Russia's oil & gas age coming to end, warns Sberbank CEO

Herman Gref, CEO and Chairman of the Executive Board of Sberbank. © Mikhail Voskresenskiy
Oil and gas resources in Russia may run out by 2030 and the country doesn’t have much time to diversify its economy to minimize reliance on energy income, Sberbank CEO Herman Gref said on a popular TV show.

“When will we run out of this mono-product? I think it’s about 2028-2030, when we won’t see a repetition of oil super cycle due to the all the perception and trends we currently see,” said Gref, adding that he could be wrong.

The head of the country's biggest bank stressed that by macroeconomic standards there is not much time to transform Russia's resource-based economy. If nothing changes the country might face either revolutionary shock or a civil war, or become dependent on other countries, warned Gref.

“These are three classical ways out of such a situation,” he said.

At the same time changes are met with strong resistance. “Just imagine what it means to reshape the business of a mineral company? There are so many analysts saying over and over again – that’s ok, the end was projected so many times, but you are still alive,” Gref said.

Experts say developing a new power economy based on renewable energy leads to increased competition in the market for energy products. In particular, the prospect of exporting energy to Europe may be considerably reduced, while increasing supplies to Asia takes major investments to develop the transport infrastructure.

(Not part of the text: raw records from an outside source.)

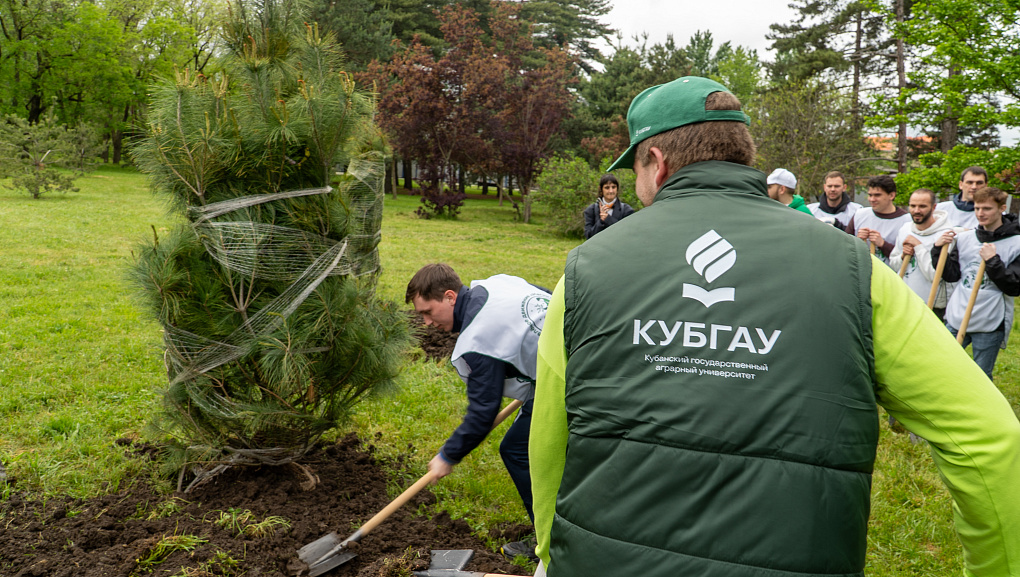 В Ботсаду КубГАУ высадили деревья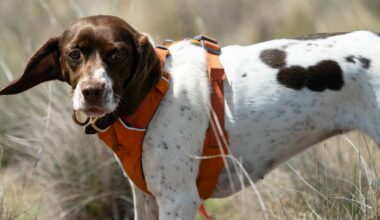 Our detection dogs are helping protect one of Australia’s most imperiled lizards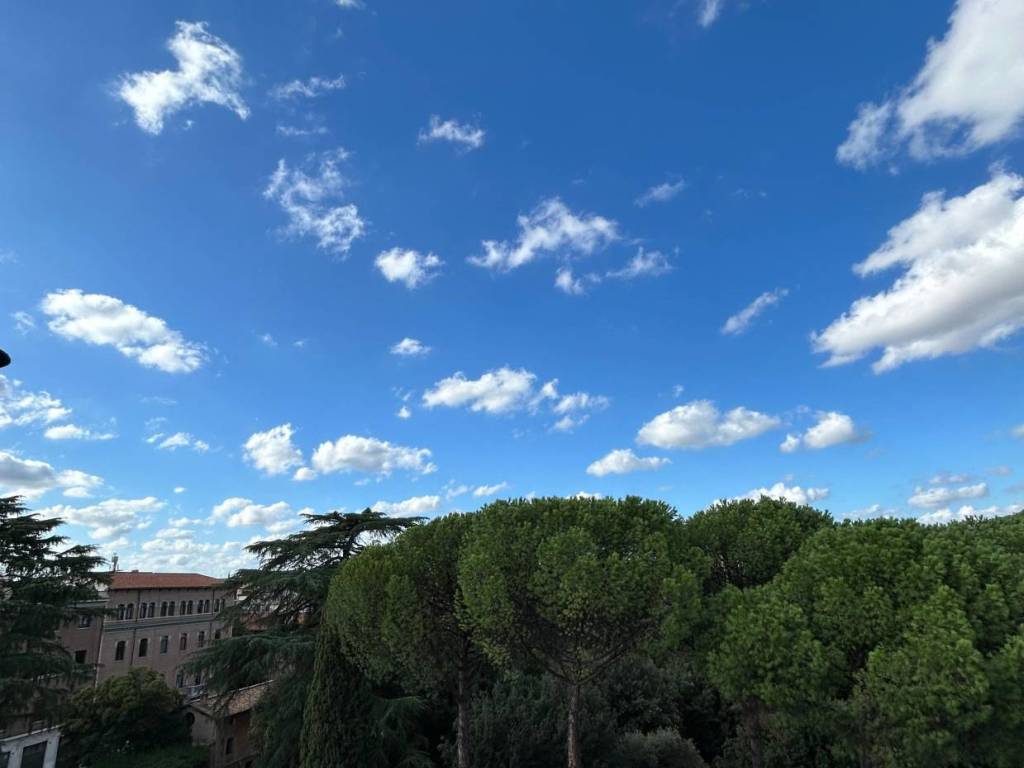 appartamento in vendita a Roma in zona Salario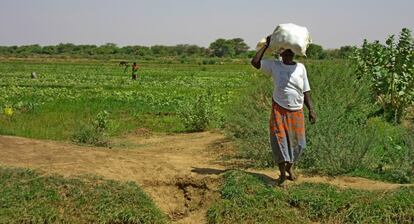 Una agricultora carga un saco lleno de pepinos en Guedé, cerca del río Senegal.
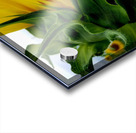 Sunflower Portrait Acrylic print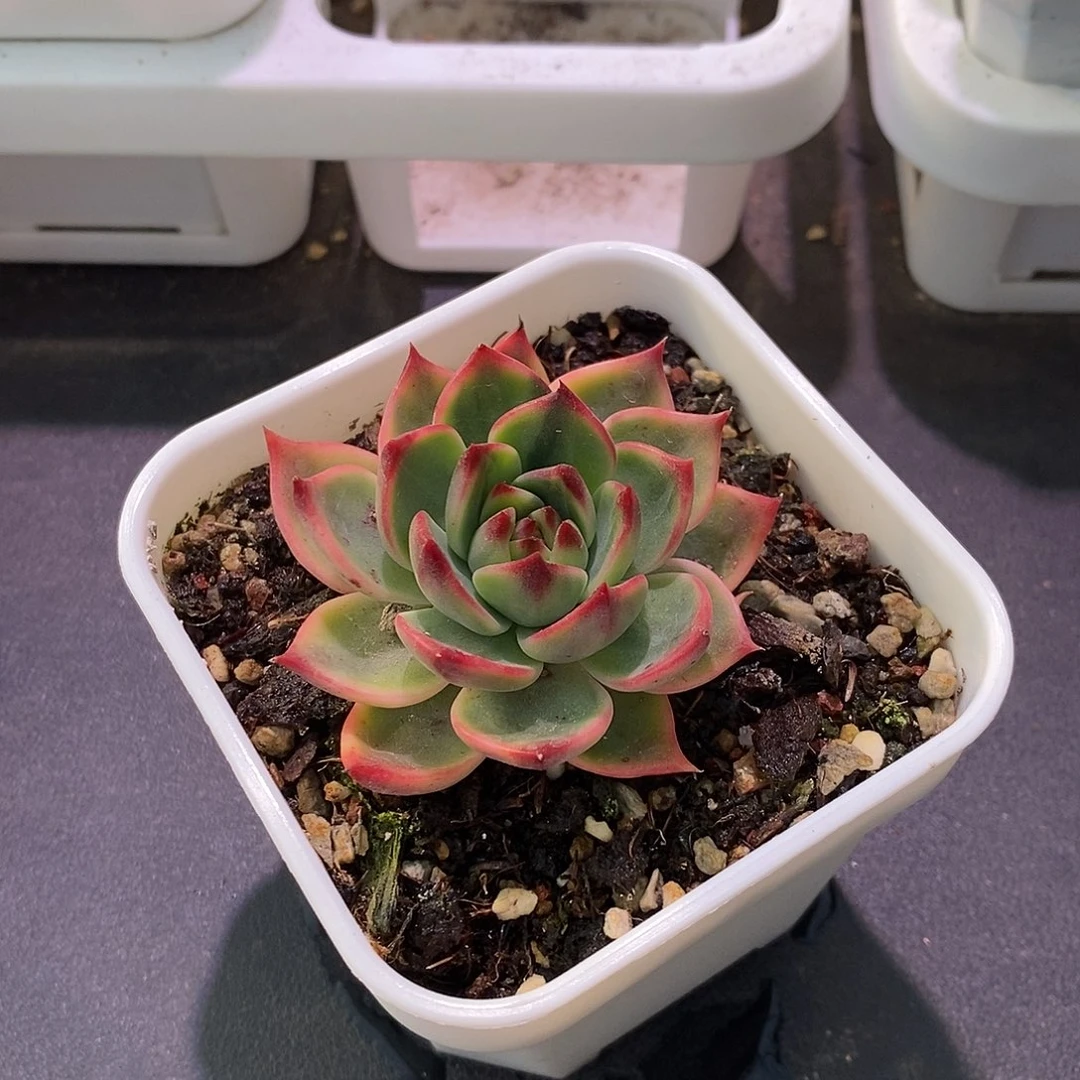 桃花锦锦瑕疵叶子福利款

According to Russia’s Energy Ministry, by 2030-2035 global power energy will remain predominantly hydrocarbon-based. By that time energy production in Russia will be slightly lower than current levels, but oil and gas exports will still be the main source of state revenue. Russia has enough oil and gas deposits for at least 40 years, said Deputy Energy Minister Kirill Molodtsov on the sidelines of the St. Petersburg International Gas Forum.

However, the economists stress that oil and gas sectors will not be drivers of the economy as it was in mid-2000s.